* _WHAT YOU HAVE TO DO_: Would you retype exactly the lines from the one holding "Planet Gates black" through the last line of the listing, and only those, without pictures?

* _DATA_:
=== Begin Enclosure ===
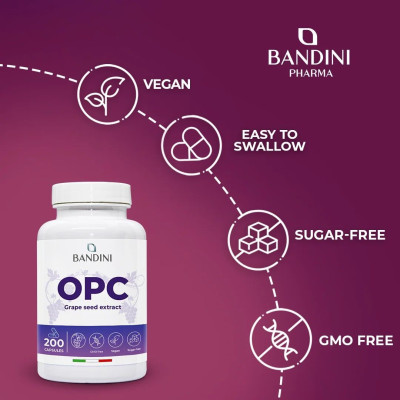 OPC екстракт от гроздови семки с Витамин C - 200 капсули | Bandini Pharma - Италия
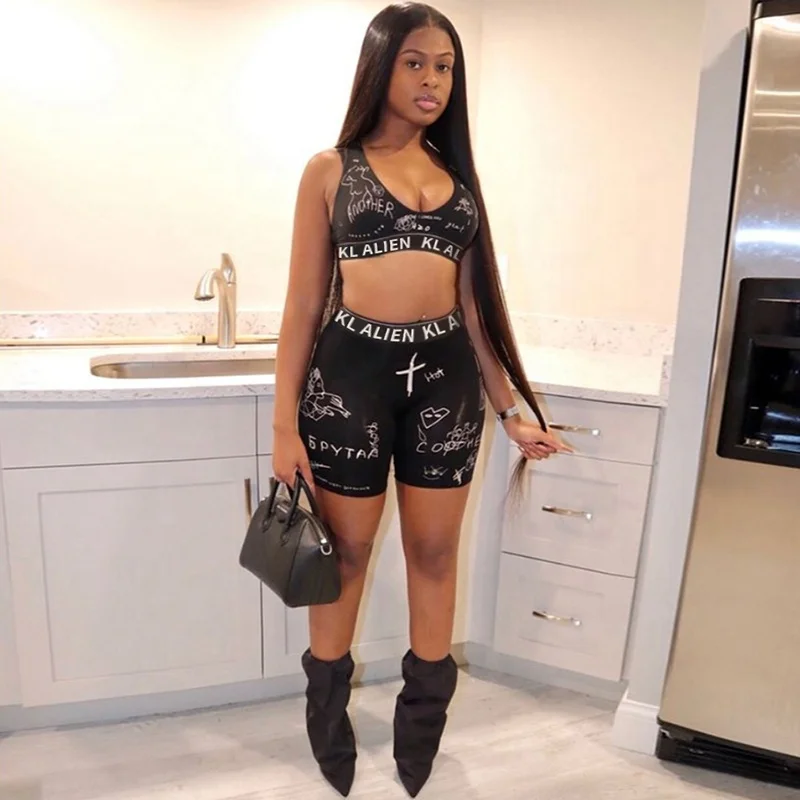 2021 new arrivals summer printing sexy crop top women vest sports 2 two piece short pants set women clothes outfits clothing
2021 new arrivals summer printing sexy crop top women vest sports 2 two piece short pants set women clothes outfits clothing
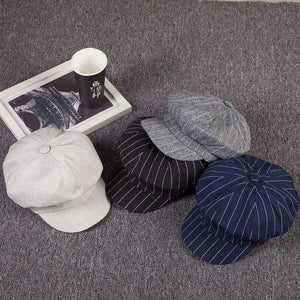 Planet Gates black Korean Summer Summer Thin And Soft Cloth Foldable Beret Men And Women Sunshade Sunscreen Concise Stripe Octagonal Hat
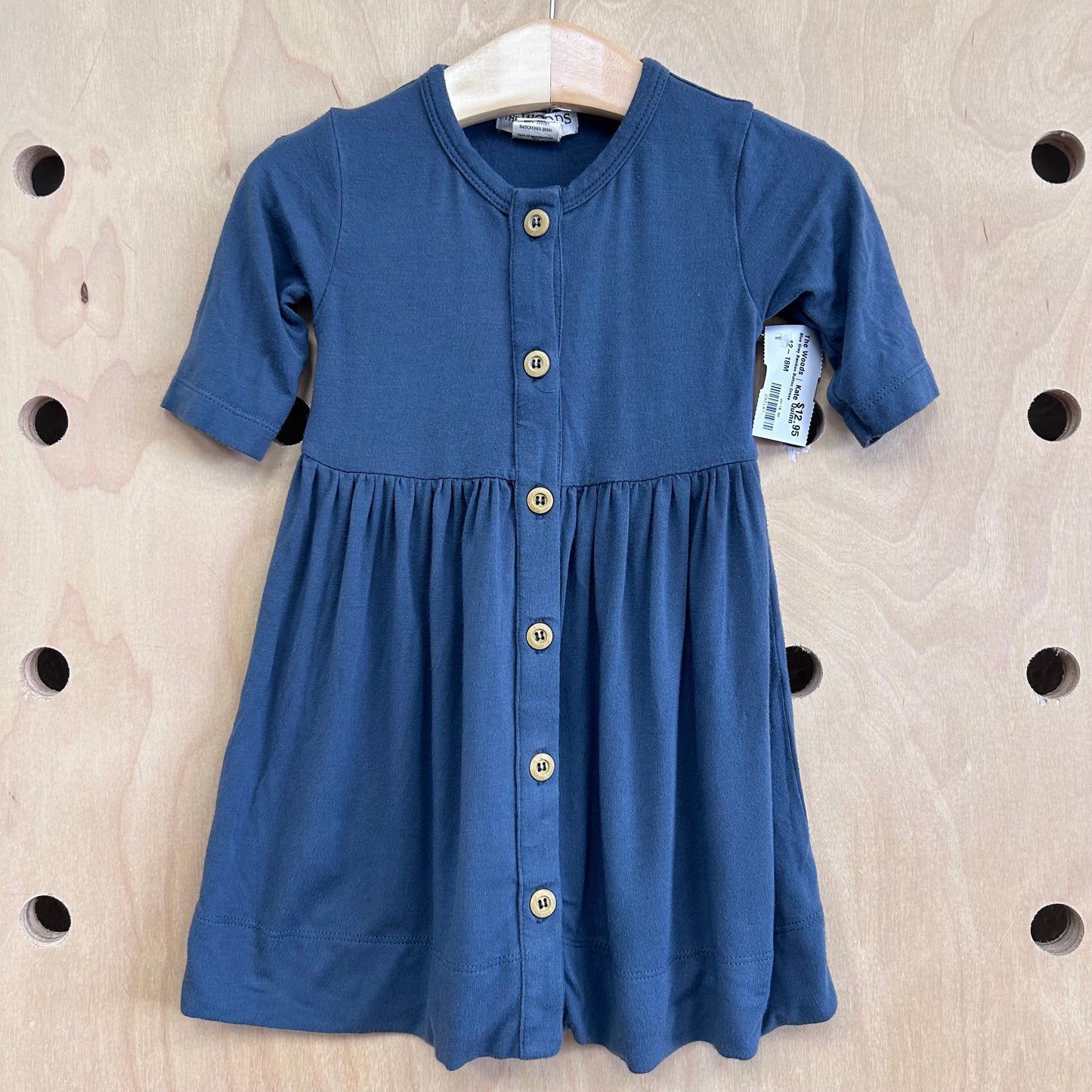 Blue Grey Bamboo Button Dress
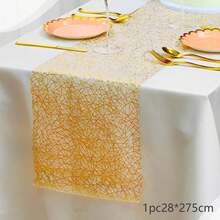 1pc Silver Metallic Mesh Table Runner 11"X108", Rectangular Tablecloth Decor Suitable For Wedding, Birthday, Bridal Shower, Reception, Party, Home, DIY Daily Decoration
=== End Enclosure ===
* _TASK ANSWER_:
 Planet Gates black Korean Summer Summer Thin And Soft Cloth Foldable Beret Men And Women Sunshade Sunscreen Concise Stripe Octagonal Hat
 Blue Grey Bamboo Button Dress
 1pc Silver Metallic Mesh Table Runner 11"X108", Rectangular Tablecloth Decor Suitable For Wedding, Birthday, Bridal Shower, Reception, Party, Home, DIY Daily Decoration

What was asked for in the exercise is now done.